Leave out all pictures while you copy the lines exactly from the one with "Spaghetti - traditionelle" through the last line of the listing.

*** Source records Section Begins ***

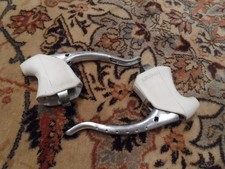 VERY NICE MINT 1980s WHITE WEINMANN RUBBER BRAKE LEVER COVERS AND LEVERS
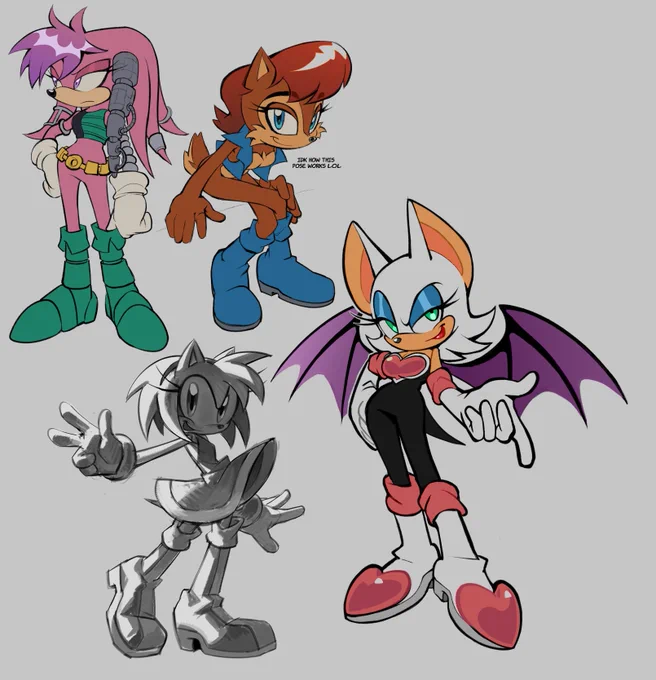 absolutely abysmal layout but its either that or i never end up posting these LOLOLOL... fave sonic ladies 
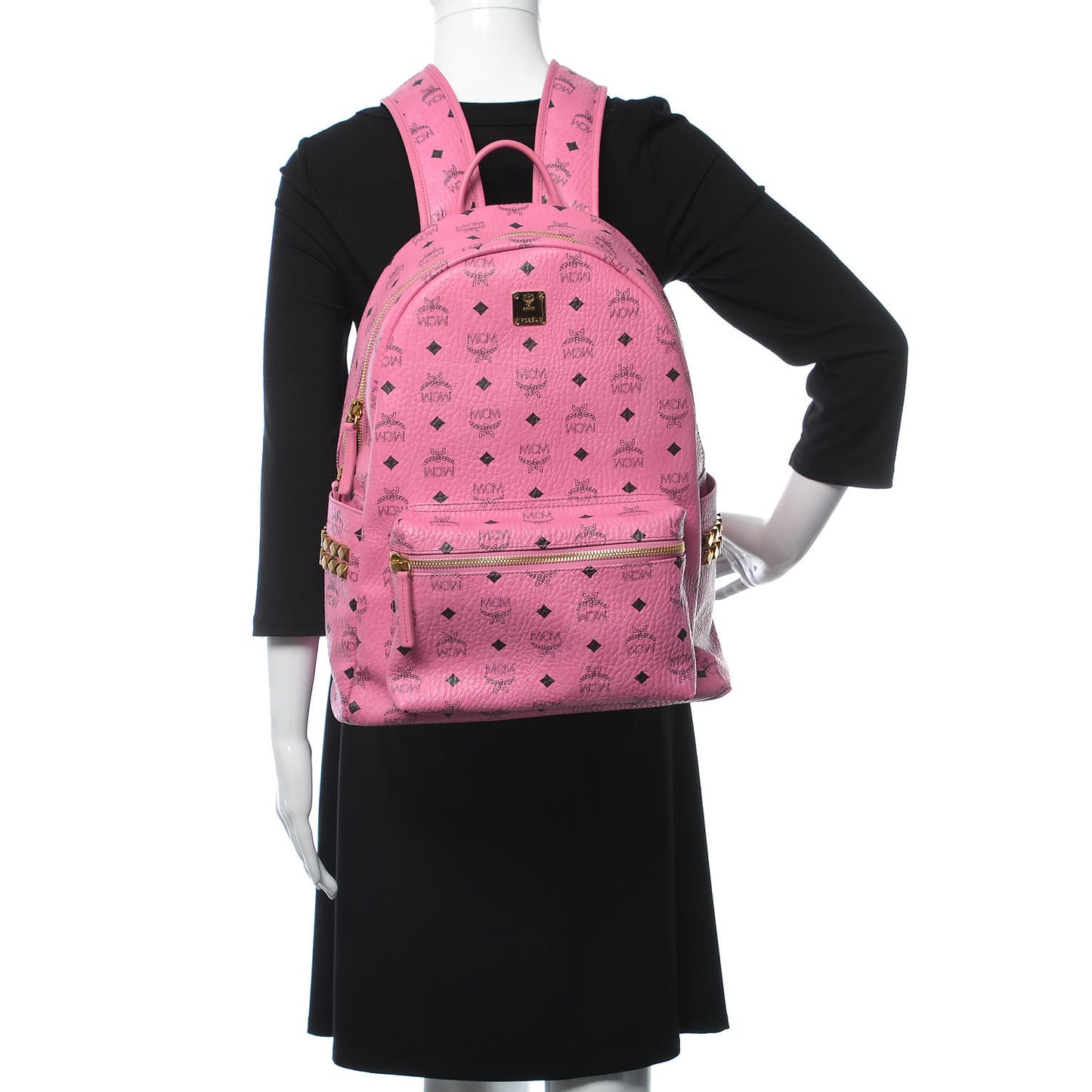 Visetos Medium Side Studs Stark Backpack Pink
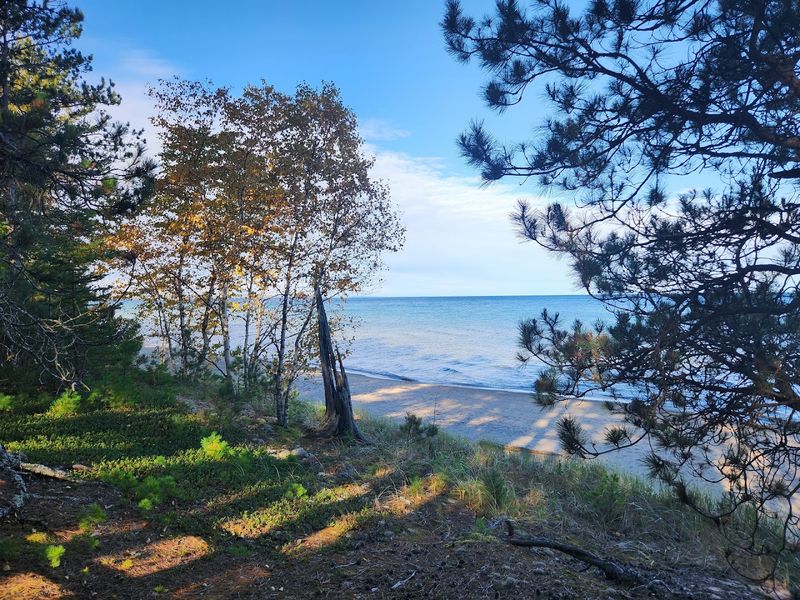 Whitefish Bay National Forest Scenic Byway (M-123) - Paradise to Newberry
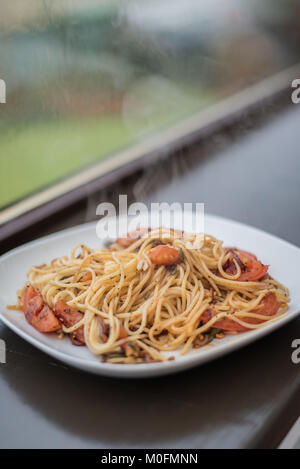 Spaghetti - traditionelle italienische Pasta Stockfoto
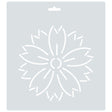 Isomars Floral Quilting Template for Sewing, Patchwork & Embroidery 10115 - Isomars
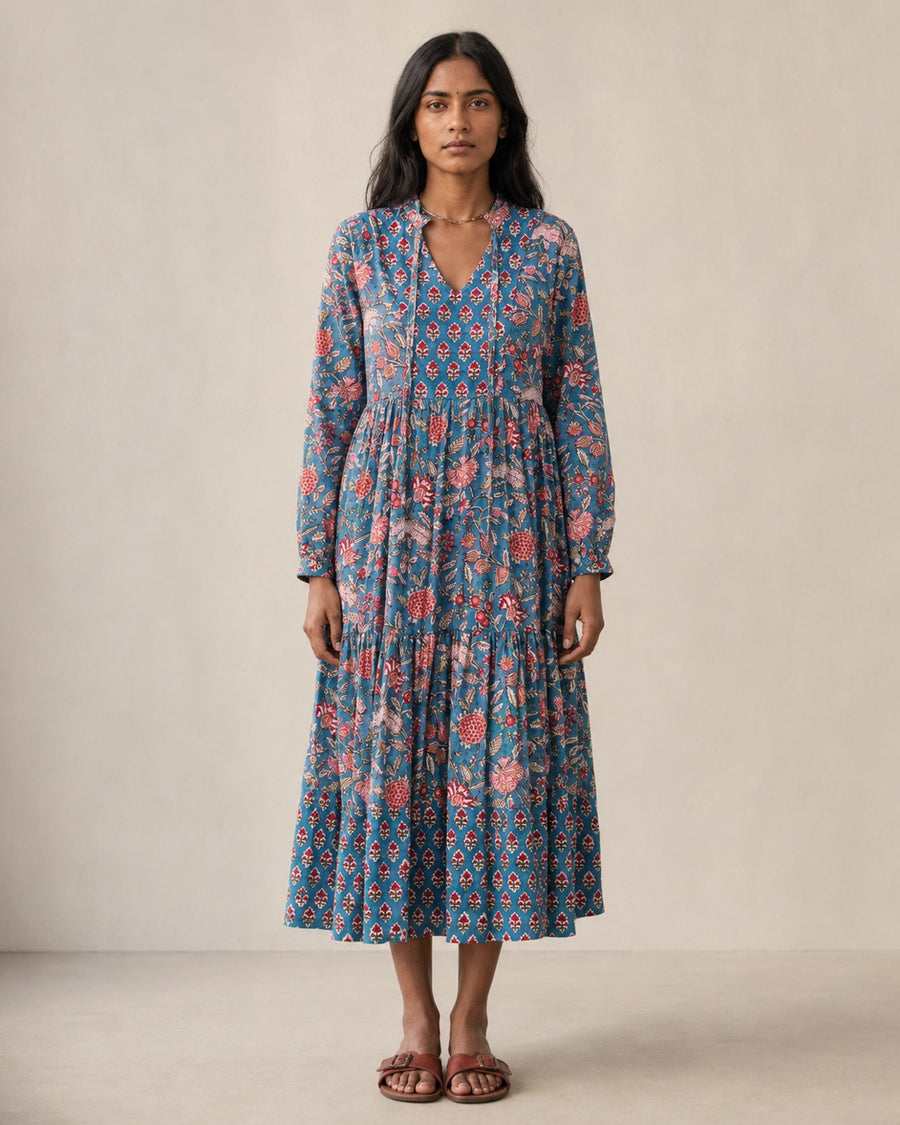 Robe SHANAYA bleue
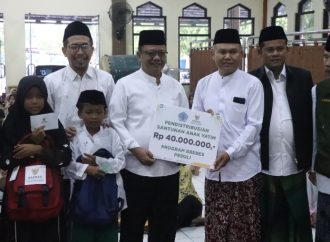Pemkab Brebes Santuni Anak Yatim di Tahun Baru Islam 1448 H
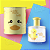 Perfume Bebê Infantil QuéQué Ciclo Mini Deo Colônia Baby 0 Meses com Lata Personalizada Presente 100ml - Imagem 1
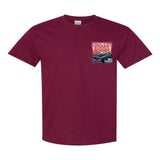 2023 Cruisin Endless Summer official car show event t-shirt maroon Ocean City MD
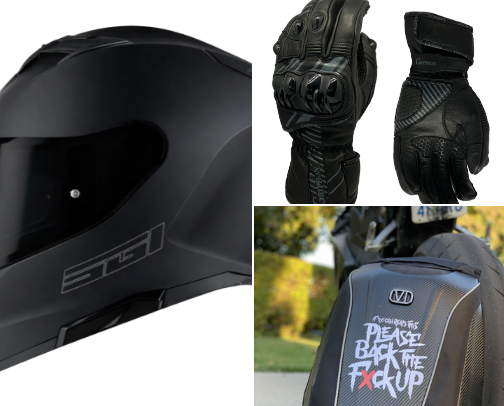 Aesthetic Moto Commuter Essentials" cover photo collage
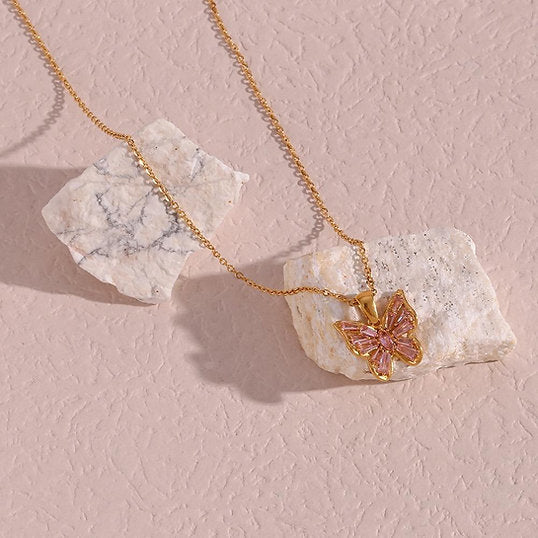 Ketting met Vlinderhanger – Speels & Elegant | Twinolo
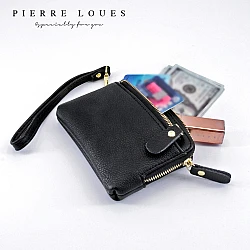 Γυναικείο Πορτοφόλι Saffiano Pierre Loues PL805-69 μαύρο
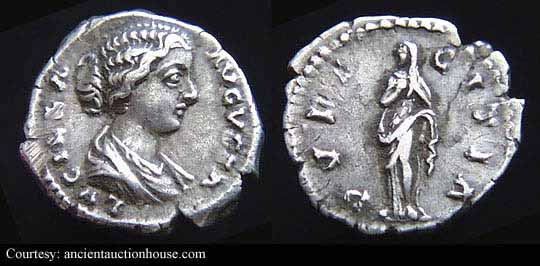 монета Древнего Рима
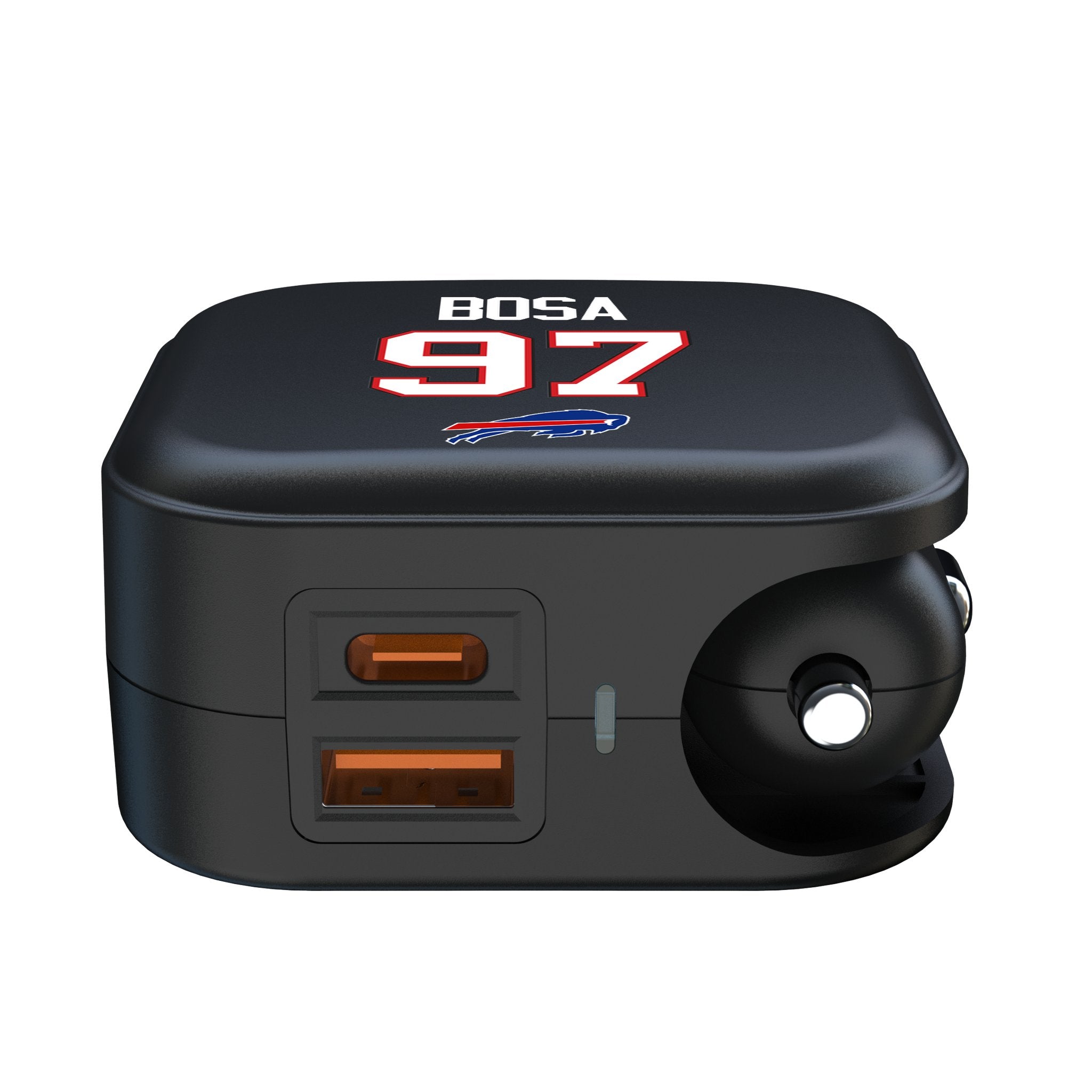 Joey Bosa Buffalo Bills 97 Game Tactic 2 in 1 USB A/C Charger - Sports Gifts, Sports Memorabilia, Sports Collectibles, Fan Shop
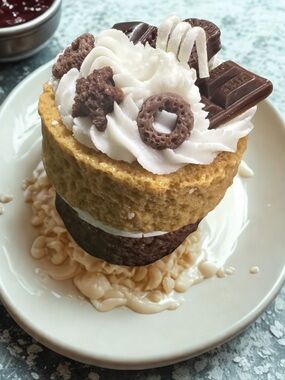 Whipped Cream & Chocolate Dessert Cup - Homemade Candles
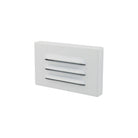 WAC Lighting - 5" 12V LED Horizontal Louvered Surface Mounted Indoor/Outdoor Step Light and Wall Light - Lights Canada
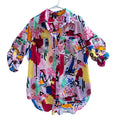 Thread Story Retro 80's Print Full Button Up Blouse - Size 3X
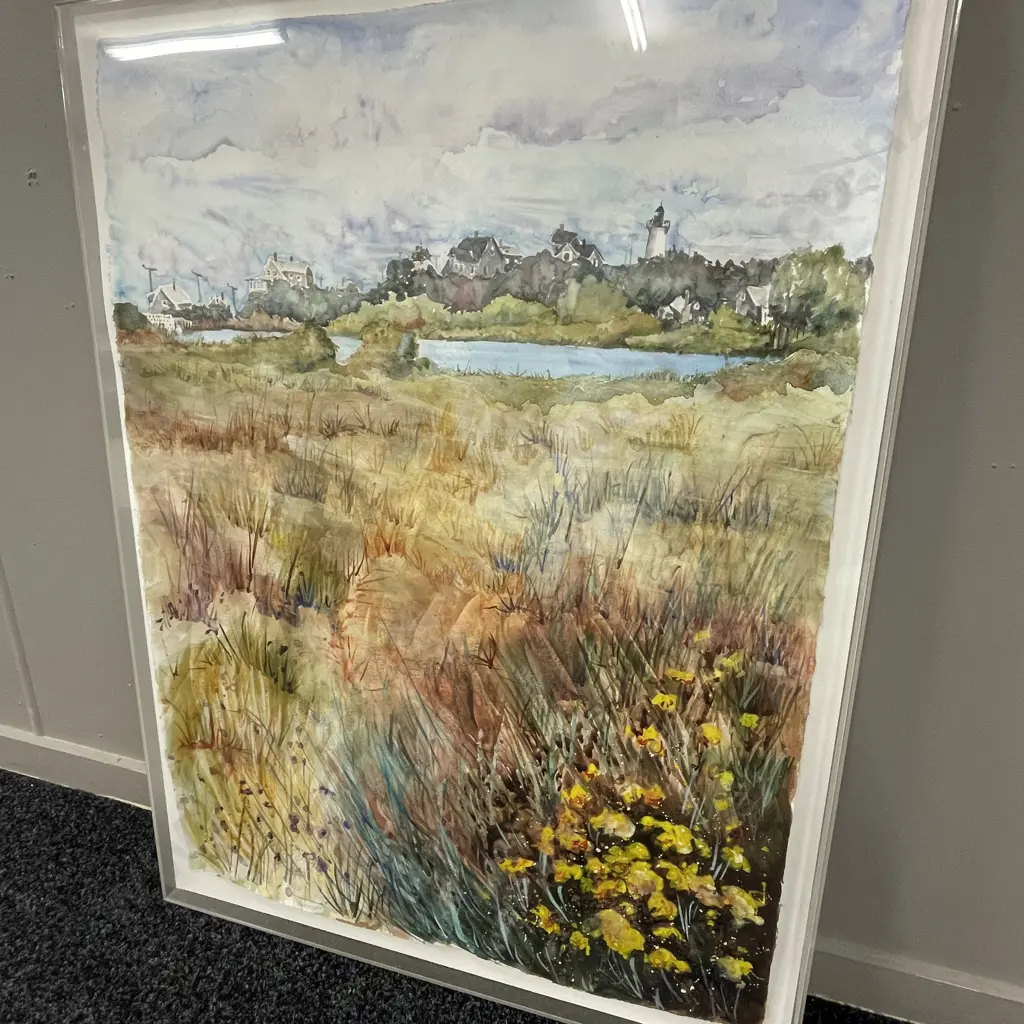 Mounted Original Watercolour by Shelley Lazarus. Signed and dated Oct 1989. 82 x 62cm including mount Image 1++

*** Source records Section Ends ***

Written response -
 Spaghetti - traditionelle italienische Pasta Stockfoto
 Isomars Floral Quilting Template for Sewing, Patchwork & Embroidery 10115 - Isomars
 Robe SHANAYA bleue
Pemkab Brebes Santuni Anak Yatim di Tahun Baru Islam 1448 H
 Perfume Bebê Infantil QuéQué Ciclo Mini Deo Colônia Baby 0 Meses com Lata Personalizada Presente 100ml - Imagem 1
 2023 Cruisin Endless Summer official car show event t-shirt maroon Ocean City MD
 Aesthetic Moto Commuter Essentials" cover photo collage
 Ketting met Vlinderhanger – Speels & Elegant | Twinolo
 Γυναικείο Πορτοφόλι Saffiano Pierre Loues PL805-69 μαύρο
 монета Древнего Рима
 Joey Bosa Buffalo Bills 97 Game Tactic 2 in 1 USB A/C Charger - Sports Gifts, Sports Memorabilia, Sports Collectibles, Fan Shop
 Whipped Cream & Chocolate Dessert Cup - Homemade Candles
 WAC Lighting - 5" 12V LED Horizontal Louvered Surface Mounted Indoor/Outdoor Step Light and Wall Light - Lights Canada
 Thread Story Retro 80's Print Full Button Up Blouse - Size 3X
 Mounted Original Watercolour by Shelley Lazarus. Signed and dated Oct 1989. 82 x 62cm including mount Image 1++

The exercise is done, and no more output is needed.